- **Description of the task**
Omit each picture as you copy the entries exactly.

- **Information supplied**

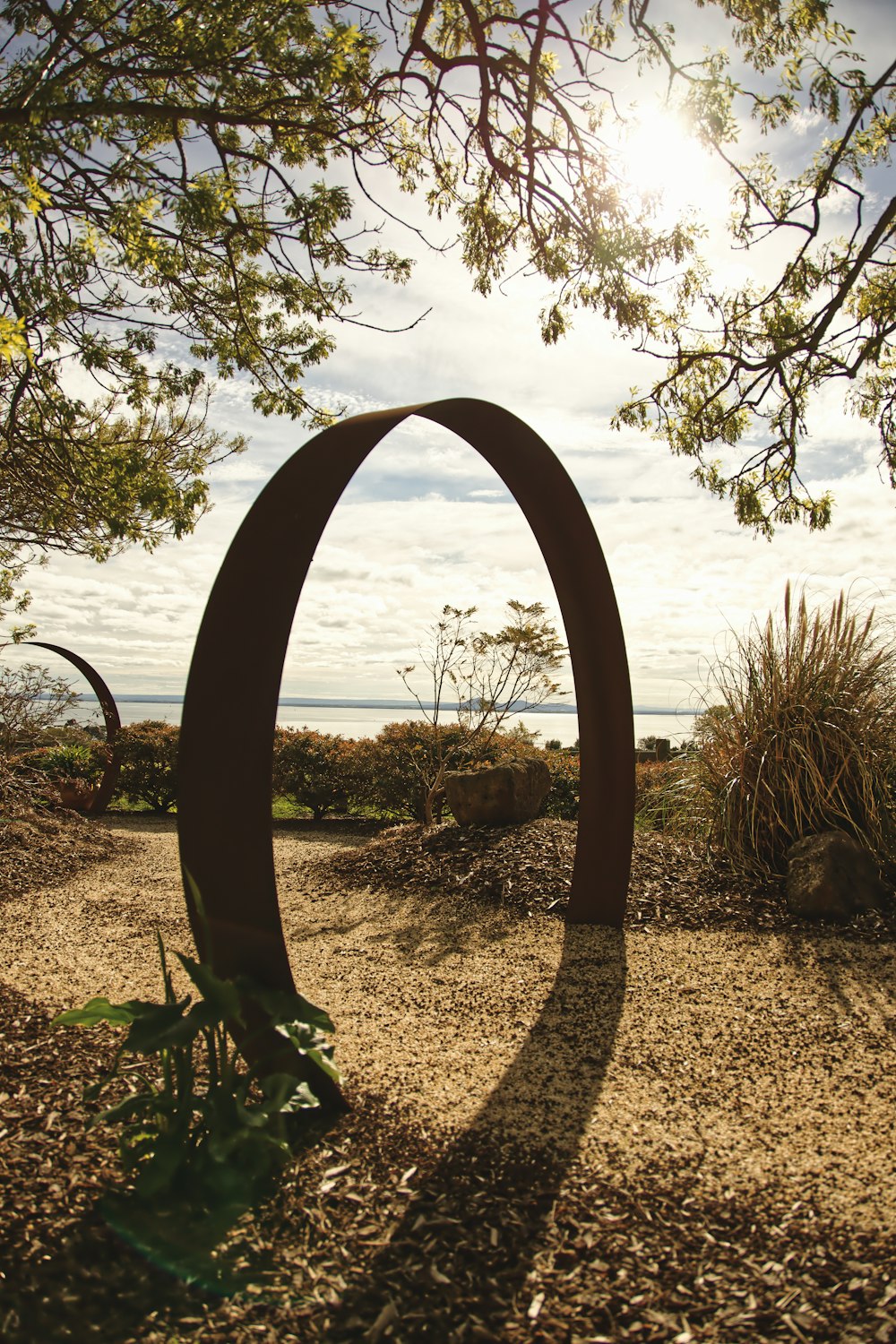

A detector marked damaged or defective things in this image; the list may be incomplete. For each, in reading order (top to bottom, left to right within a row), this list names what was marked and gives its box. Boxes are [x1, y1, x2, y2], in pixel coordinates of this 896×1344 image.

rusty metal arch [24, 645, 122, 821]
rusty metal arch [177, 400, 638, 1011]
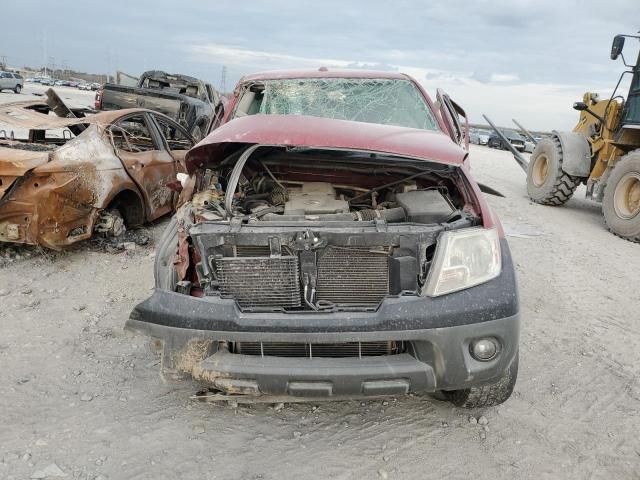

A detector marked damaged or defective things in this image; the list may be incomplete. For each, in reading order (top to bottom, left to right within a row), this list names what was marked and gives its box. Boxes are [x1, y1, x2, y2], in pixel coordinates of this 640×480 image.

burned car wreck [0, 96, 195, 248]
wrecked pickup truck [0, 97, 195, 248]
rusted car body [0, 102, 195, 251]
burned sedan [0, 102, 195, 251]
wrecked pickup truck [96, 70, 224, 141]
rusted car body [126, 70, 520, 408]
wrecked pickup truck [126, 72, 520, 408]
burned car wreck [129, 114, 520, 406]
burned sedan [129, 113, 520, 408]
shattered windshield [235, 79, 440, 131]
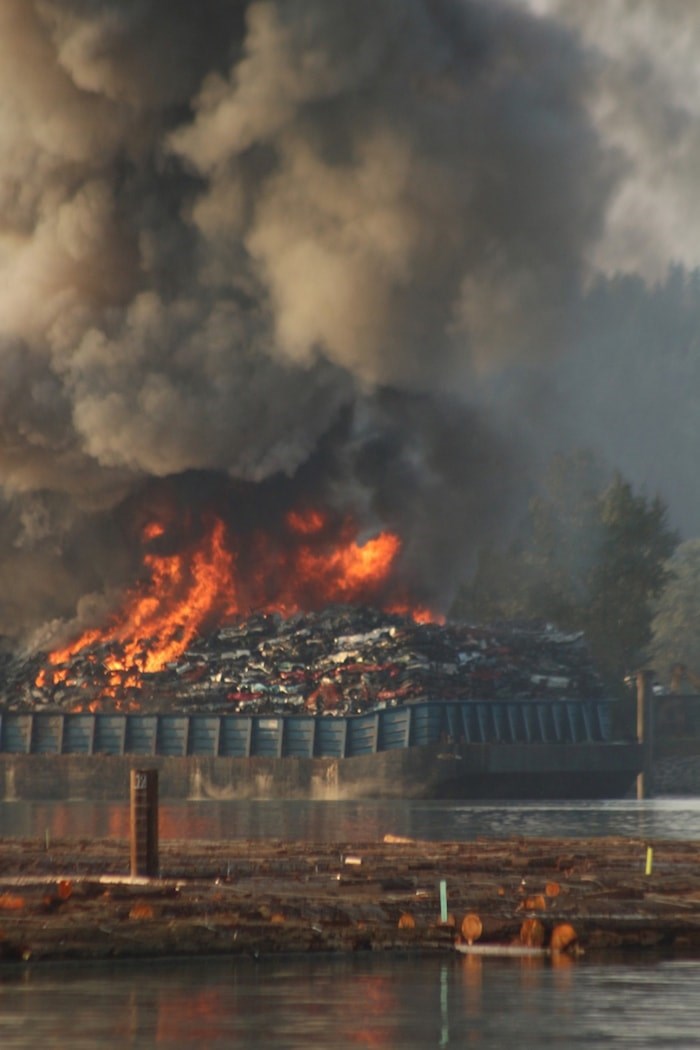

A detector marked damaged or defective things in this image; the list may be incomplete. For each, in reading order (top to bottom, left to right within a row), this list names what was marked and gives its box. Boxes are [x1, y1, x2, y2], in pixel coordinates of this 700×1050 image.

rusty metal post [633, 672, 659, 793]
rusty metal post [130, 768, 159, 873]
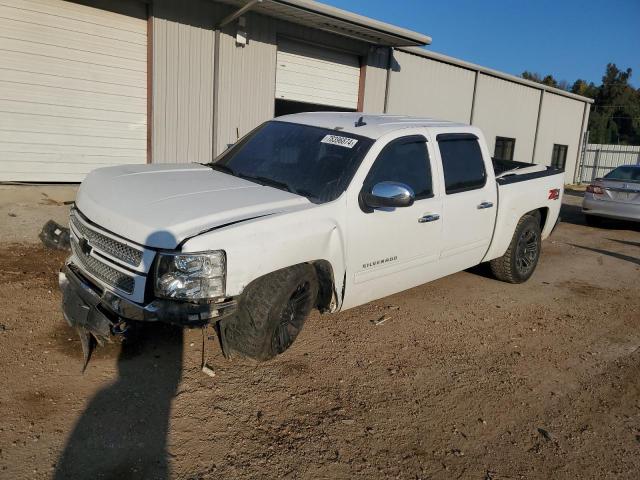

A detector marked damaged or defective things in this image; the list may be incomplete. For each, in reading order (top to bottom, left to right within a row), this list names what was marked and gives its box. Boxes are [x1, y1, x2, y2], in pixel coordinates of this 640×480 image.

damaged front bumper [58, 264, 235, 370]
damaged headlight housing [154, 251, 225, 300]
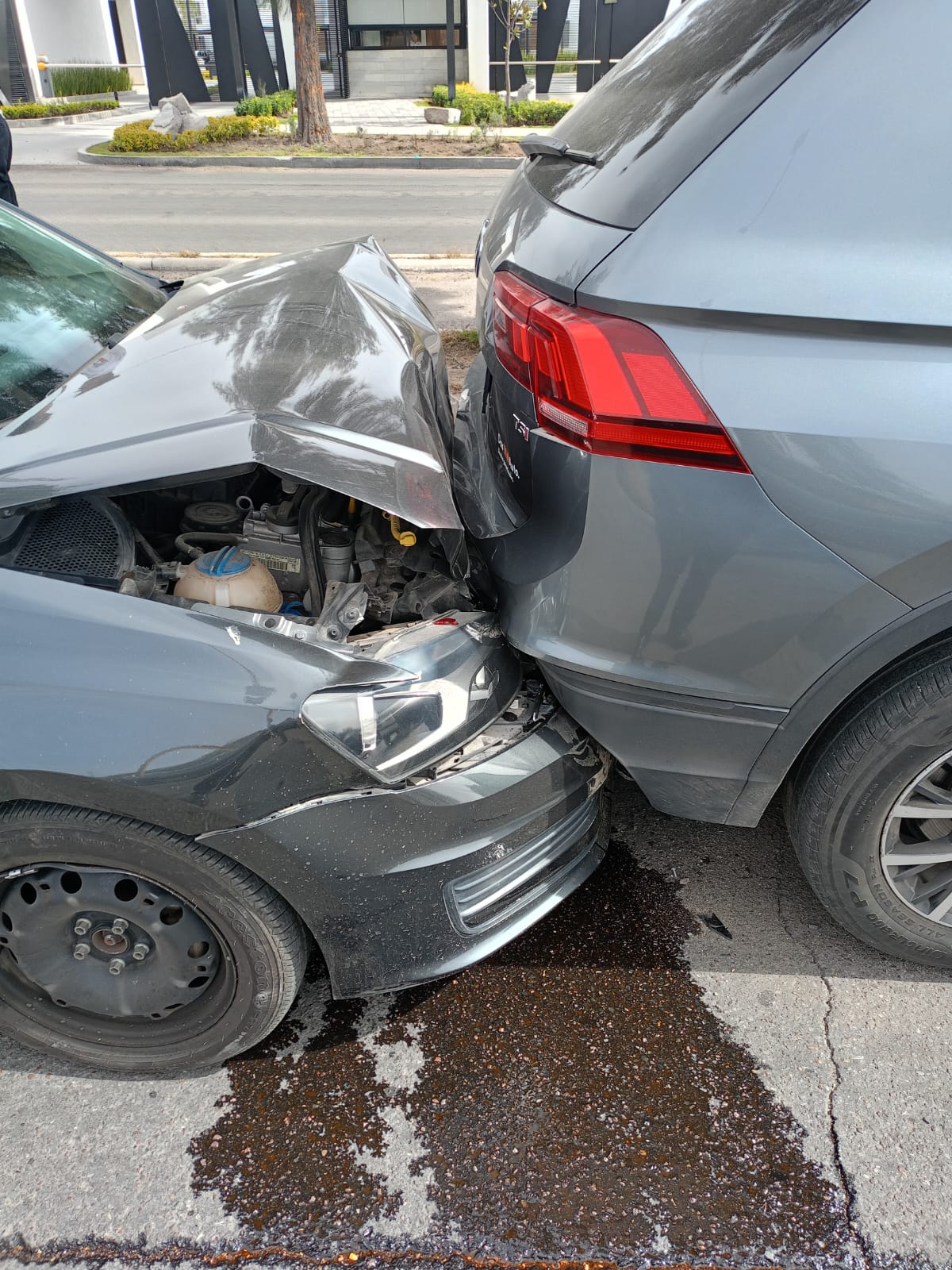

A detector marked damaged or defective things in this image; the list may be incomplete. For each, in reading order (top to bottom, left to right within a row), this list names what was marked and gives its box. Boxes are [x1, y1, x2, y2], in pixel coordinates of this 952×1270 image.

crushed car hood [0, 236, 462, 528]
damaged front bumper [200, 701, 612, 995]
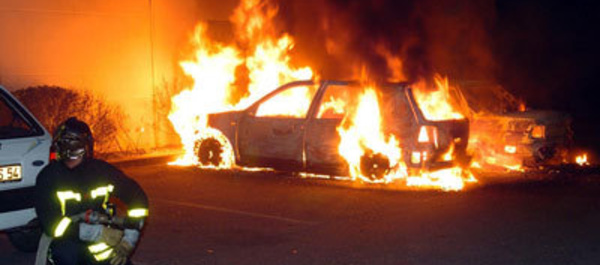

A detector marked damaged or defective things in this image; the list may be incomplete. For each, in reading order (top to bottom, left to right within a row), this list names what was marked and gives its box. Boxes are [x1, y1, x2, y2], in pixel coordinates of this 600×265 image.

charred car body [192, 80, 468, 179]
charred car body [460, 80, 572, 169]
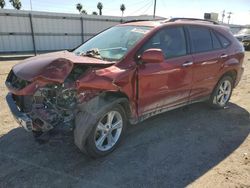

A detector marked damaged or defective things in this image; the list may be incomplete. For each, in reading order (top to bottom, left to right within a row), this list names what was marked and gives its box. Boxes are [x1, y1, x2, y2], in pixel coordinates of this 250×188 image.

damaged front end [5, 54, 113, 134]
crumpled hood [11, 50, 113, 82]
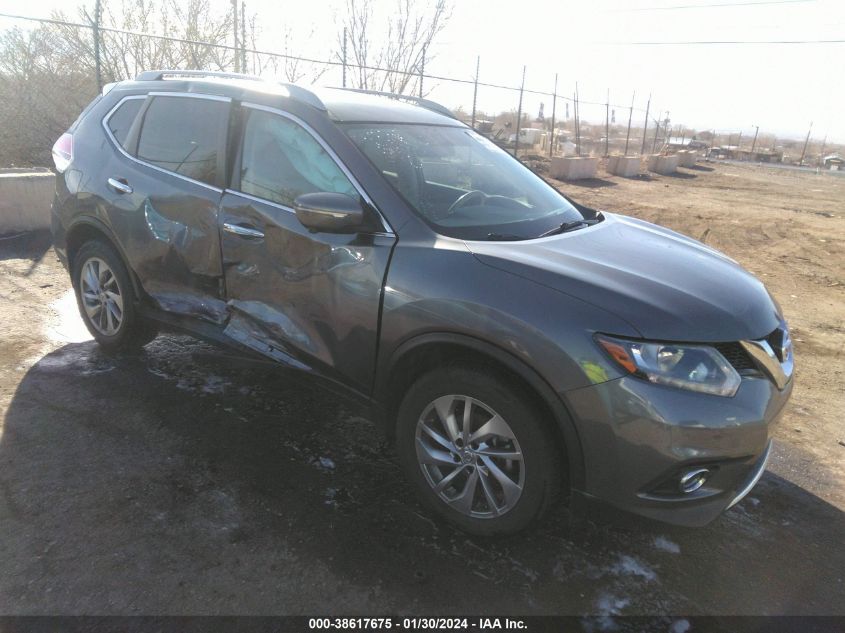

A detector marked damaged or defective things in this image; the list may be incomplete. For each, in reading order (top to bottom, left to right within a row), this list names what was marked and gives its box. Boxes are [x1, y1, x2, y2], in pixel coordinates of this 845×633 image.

- **Exercise output**
A detector marked damaged or defective things in this image; the list may be incomplete. For each, in reading order (top to bottom, left to right within a row), this list names what was marked and gives its box. Boxes are [x1, y1, x2, y2], in pixel coordinates of this 896×1344 image.

rusty metal arch [24, 645, 122, 821]
rusty metal arch [177, 400, 638, 1011]

A detector marked damaged or defective things in this image; the list may be incomplete. For each, in reading order (top to bottom, left to right within a row), this list names what was marked and gives its box. Boxes are [x1, y1, x2, y2], in pixel coordinates of this 640×480 image.

burned car wreck [0, 96, 195, 248]
wrecked pickup truck [0, 97, 195, 248]
rusted car body [0, 102, 195, 251]
burned sedan [0, 102, 195, 251]
wrecked pickup truck [96, 70, 224, 141]
rusted car body [126, 70, 520, 408]
wrecked pickup truck [126, 72, 520, 408]
burned car wreck [129, 114, 520, 406]
burned sedan [129, 113, 520, 408]
shattered windshield [235, 79, 440, 131]

A detector marked damaged or defective things in this image; the list may be incomplete. For each, in reading order (top to bottom, left to right within a row), this list names what was marked and gives its box. Boxes are [x1, y1, x2, y2], in pixel coordinates of this 700×1050 image.

rusty metal post [633, 672, 659, 793]
rusty metal post [130, 768, 159, 873]

A detector marked damaged or defective things in this image; the list may be incomplete. For each, in reading order (top to bottom, left to right within a row), this list names what was marked and gives its box. Boxes are [x1, y1, x2, y2], in pixel coordinates of this 640×480 image.

damaged front bumper [58, 264, 235, 370]
damaged headlight housing [154, 251, 225, 300]

A detector marked damaged or defective things in this image; the list may be incomplete. For each, in reading order (top to bottom, left to right within a row), this list names what was marked and gives its box. Boxes are [x1, y1, x2, y2], in pixel coordinates of this 952×1270 image.

crushed car hood [0, 236, 462, 528]
damaged front bumper [200, 701, 612, 995]

A detector marked damaged or defective things in this image; the list may be incomplete. For each, in reading order (top to bottom, left to right within a row), this list names what was marked and gives its box. Boxes are [x1, y1, x2, y2], in pixel coordinates of this 600×265 image.

charred car body [192, 80, 468, 179]
charred car body [460, 80, 572, 169]

A detector marked damaged or defective things in this image; the list may be incomplete. For each, in reading order (top to bottom, left to right within a row), this list names what was marked and gives its box. Boxes are [x1, y1, x2, y2], in pixel coordinates of this 250×188 image.

damaged front end [5, 54, 113, 134]
crumpled hood [11, 50, 113, 82]

A detector marked damaged or defective things in this image; the list may be incomplete. For each, in reading order (top to bottom, left to right within a row), this list names what was marked and gives its box. Boxes are [x1, y1, x2, y2], in pixel coordinates of this 845×633 image.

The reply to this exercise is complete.